What I’m saying here is who I am and what I have to offer are valuable. My gifts are precious. They may be easy for me, but that doesn’t mean they’re worthless. It’s important to be me, to use my talents, to serve with them. My gifts have been given to me for a reason. Just like Rosie gave me earrings to wear, the divine gave me words to write, a big heart to love, and a sound ear to listen. My lifecoach wrote to me, “You don’t get to make up that not being you is somehow serving you anymore.” Nor is it serving anyone else.

I dream of a world where we realize just because something is easy doesn’t mean it has no value. A world where we hold dear the gifts that have been given to us and we use them. A world where we let ourselves be who we are, understanding there’s nothing more precious than our gifts.

Another world is not only possible, it’s probable.

Sunday, July 7, 2013

Little by Little

On Independence Day a friend of mine texted me a quote about being in recovery: "It's a million-dollar program that we get a nickel at a time." I both love and hate that concept. I'm sitting in my cottage surrounded by boxes -- although not as many as last week! -- and what I want is to unpack everything now. I want to be settled now. I want all the organizing to be done now. I want my big payday right this minute, not little by little.

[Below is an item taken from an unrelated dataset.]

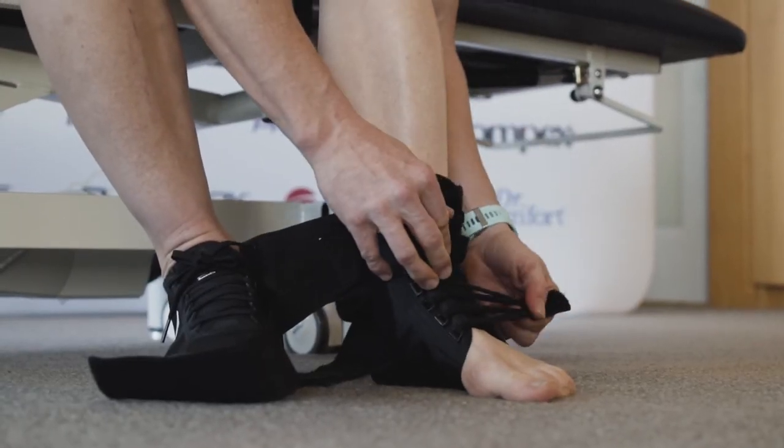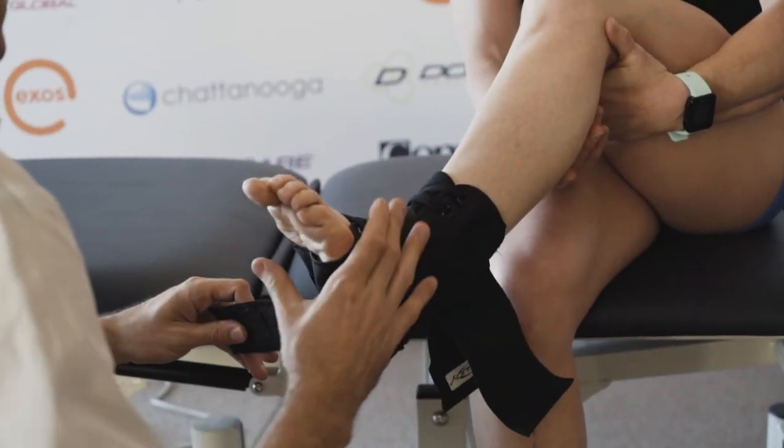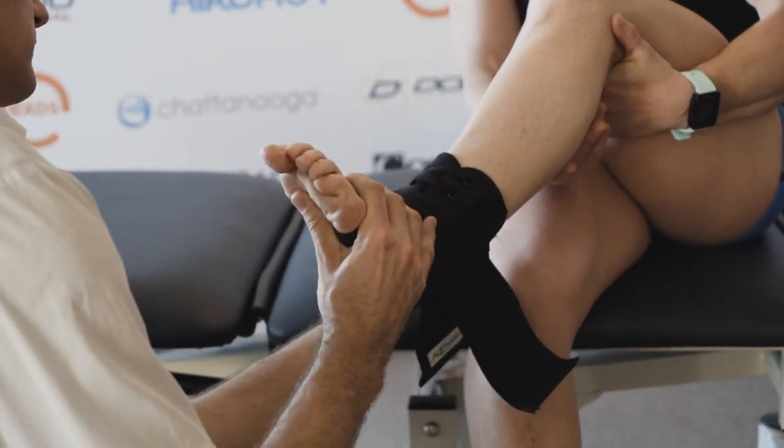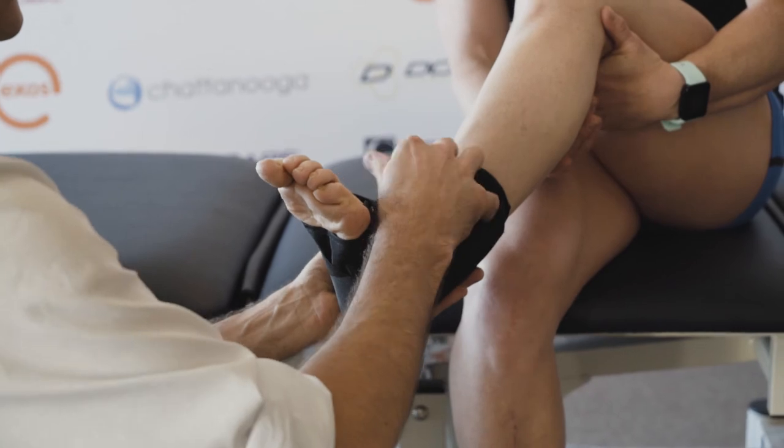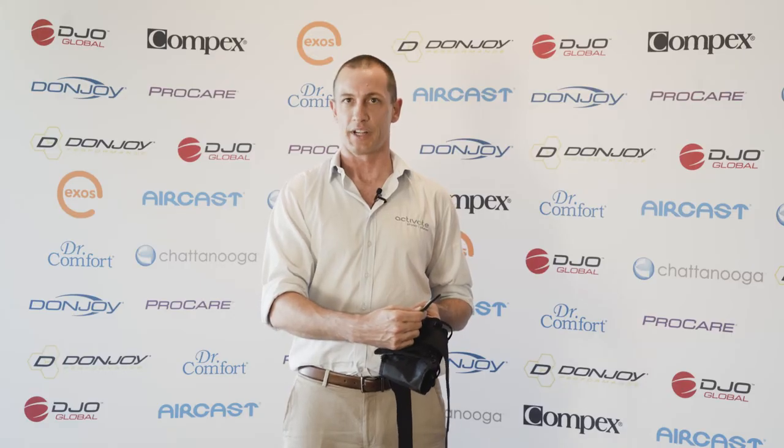You've got rigid stays on each side which are removable, and rigid straps which you can put over in a medial and lateral direction. To finish off, there's a closing strap suitable for high ankle sprains.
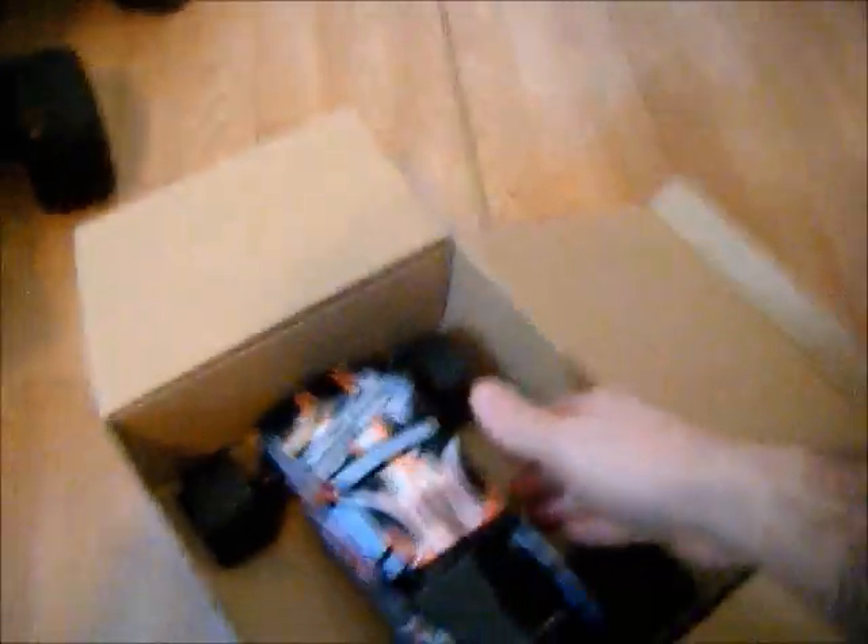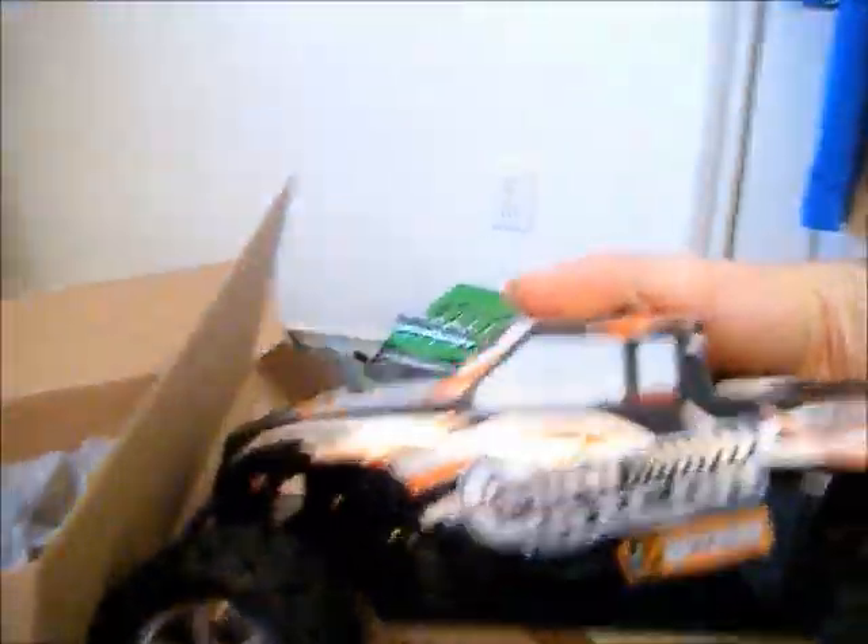There it is. Wow, I guess it is Mini. There it is.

I quite often forget this concept of baby steps, slow and steady wins the race, etc. because I'm attracted by the big and bold, by pomp and circumstance. I love hearing about seemingly overnight success and Cinderella stories because, well, I'm impatient. I heard today that impatience can also mask self-centeredness and a controlling tendency. That's certainly the case with me.

Water wearing down rock
True story: The consistent pressure of water can make even the hardest rock smooth.
Little by little is important for me to remember because more often it's the case someone is wealthy because they know how to save -- they sock away money a little bit here, a little bit there. More often it's the case an actor has been auditioning for years before they become an "overnight" success. Truly it's the baby steps, the hard work along the way that builds up to something great. Rome wasn't built in a day and nor will my cottage be unpacked in a day. I want to be a best-selling author this minute, but when I focus on the big goal I forget about selling one book at a time to one person at a time.

For someone like me who's melodramatic and makes big drastic changes quite frequently, doing something little by little is crucial. When I look at all the things that have stuck with me -- my meditation practice, my yoga practice, my recovery from addiction -- it's because I did things little by little. They've become permanent fixtures in my life because I took action every single day -- not because I made one grand sweeping gesture. Sure, the grand gestures are fun and exciting, but it's the little actions everyday that have made the most lasting impact.

I don't know that anyone else will get anything out of this blogpost, but I guess I'm saying for today I realize there is value in the small things. In doing things one day at a time, little by little. That getting a million dollars a nickel at a time means there won't ever be a moment when I'm completely out of cash because I'll have a constant source of income. Yes, I'm impressed by vast canyons, but that's because I'm seeing the end results -- many canyons are created by water wearing down rock little by little, day by day. Little by little adds up to something beautiful and grand, and right now is the time for me to practice that, knowing eventually I'll see the results I'm looking for.

I dream of a world where we value doing something little by little. A world where we understand constant and steady pressure adds up to something amazing. A world where we have patience with ourselves and each other. A world where we cherish our baby steps.

Another world is not only possible, it's probable.